Consumers do not buy components; they buy products with capabilities. Likewise, most people who work in the internet access, content or related service provider services do not sell or need to know much about the underlying details of how devices, platforms or technologies work.
For that reason, most discussions of artificial intelligence, blockchain, cryptocurrencies, machine learning and other “advanced technologies” are of little to no actual value or interest. But struggling Taiwan-based phone manufacturer HTC hopes a new blockchain-focused smartphone can create a platform for development of blockchain apps and use cases.
Probably few think HTC has much chance of doing so, as scale would be required, and few probably believe HTC has a chance of creating such scale in the handset market. But it is a daring move in an industry that almost all observers believe suffers from lack any “big new thing” to drive interest in new devices.
The core of HTC’s idea is probably going to become important, and could seriously affect business models for firms whose revenue is based on advertising. What HTC proposes is use of blockchain (eventually) to allow users to maintain control over their data.
That would conceptually raise the cost of running any ad-based smartphone business model, as users might withhold data, or might need to be paid in some way for access.

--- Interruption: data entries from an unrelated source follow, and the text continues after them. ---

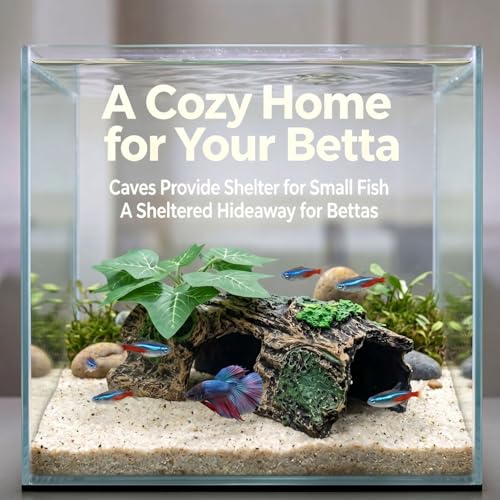 Resin Hollow Tree Trunk Aquarium Decor, Betta Fish Tank Accessories, Reptile Hide for Small Fish to Hide and Rest (Grape Leaves)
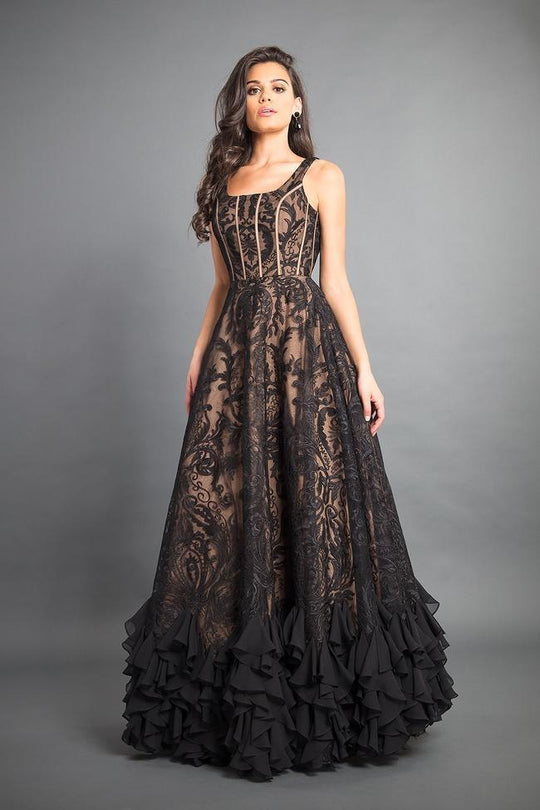 Rachel Allan - 8352 Lace Scoop Chiffon A-line Gown in Black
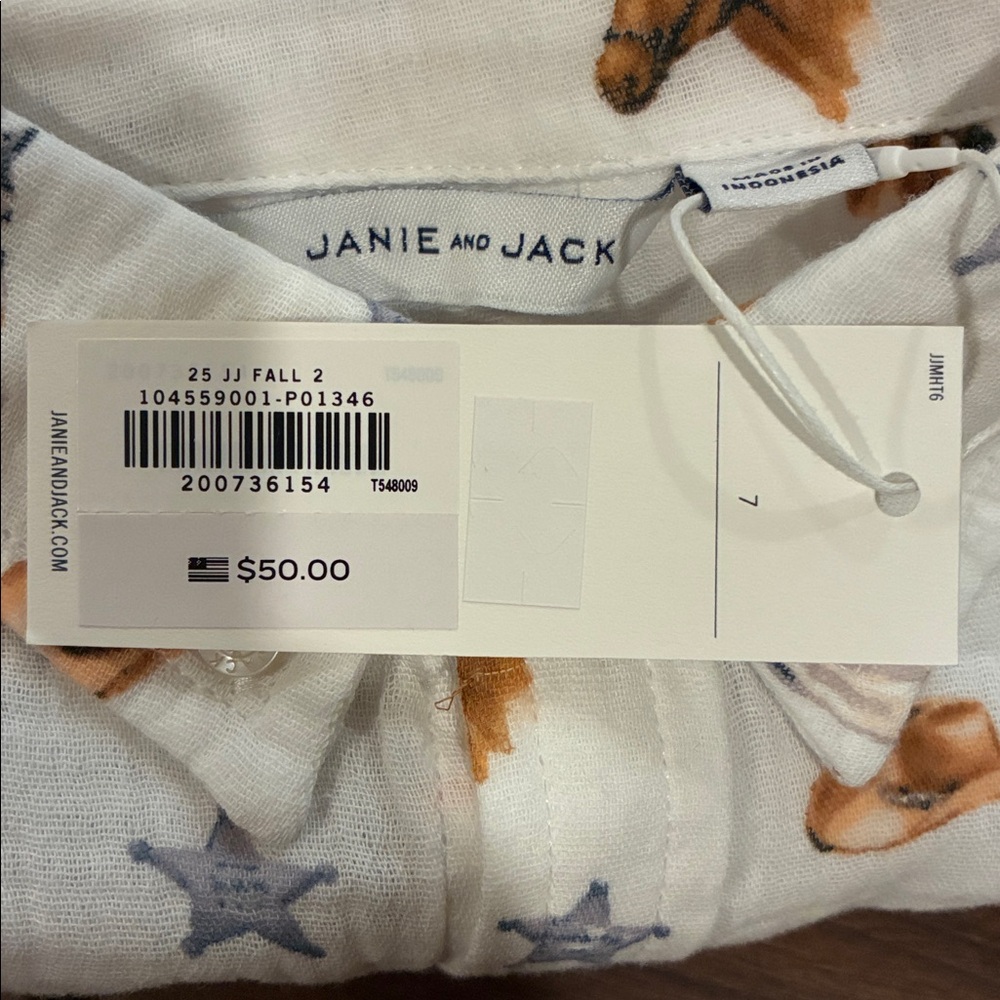 NWT- Janie and Jack Cowboy and Star Print Shirt - Cream and Brown - Picture 6 of 6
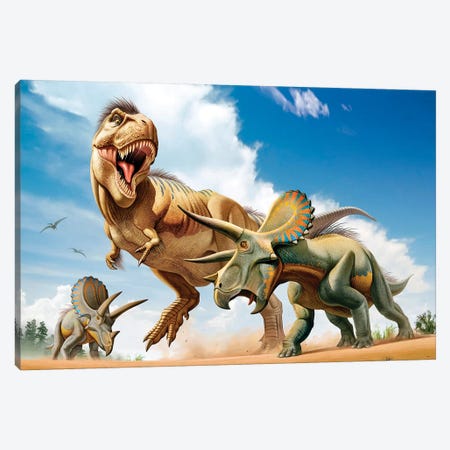 Tyrannosaurus Rex Fighting With Two Triceratops Canvas Print #TRK2697} by Mohamad Haghani Canvas Art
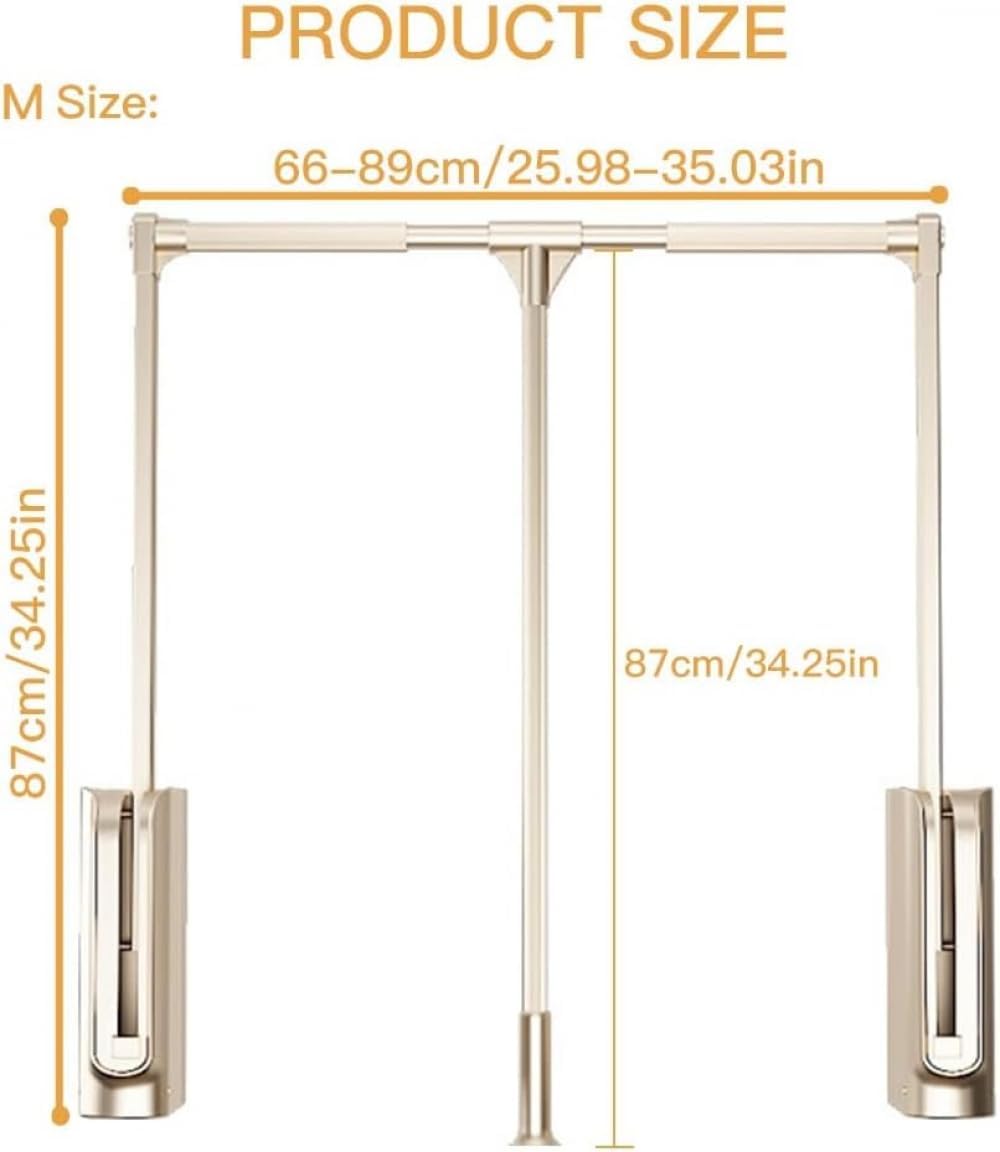 Adjustable 89-121cm Pull-Out Clothes Rack 30kg Load Capacity Space-Saving Wardrobe Hanger Retractable Garment Rod Versatile Coatfor Closets，B M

For any ad-based model, users are the product. But the ability to create a revenue model hinges on creating or assembling a big enough base of users (eyeballs or attention) so that advertising is possible.
If enough people block access to their data, the opportunity cannot be created at sustainable scale. If users have to be compensated for access, then the business model acquires a new cost element that has to be covered by higher prices charged to advertisers. Such problems already exist, even when users cannot easily “own” their data.
That is the “problem” ad blockers essentially create: ad blockers deny ad platforms the access they sell to potential advertisers.
As with most app provider support for network neutrality, the point is that if others in the value chain gain greater control of their participation, that likely means greater costs for parts of the ecosystem used to getting “no cost” access to business inputs.
To be sure, there are plenty of issues around internet concentration of power and control. Much of that perceived control comes from how value is created and revenue is produced. But as ad blocking potentially undermines the advertising business model, so blockchain-based end user data control might likewise challenge today’s ad-based revenue models.
HTC might not succeed. Most who look at the matter might argue HTC simply cannot gain the scale it would need to create a platform. But the idea at the heart of the strategy–blockchain as a way of allowing users to gain control of the economic value of their usage and attention–is something lots of firms and industries will look at.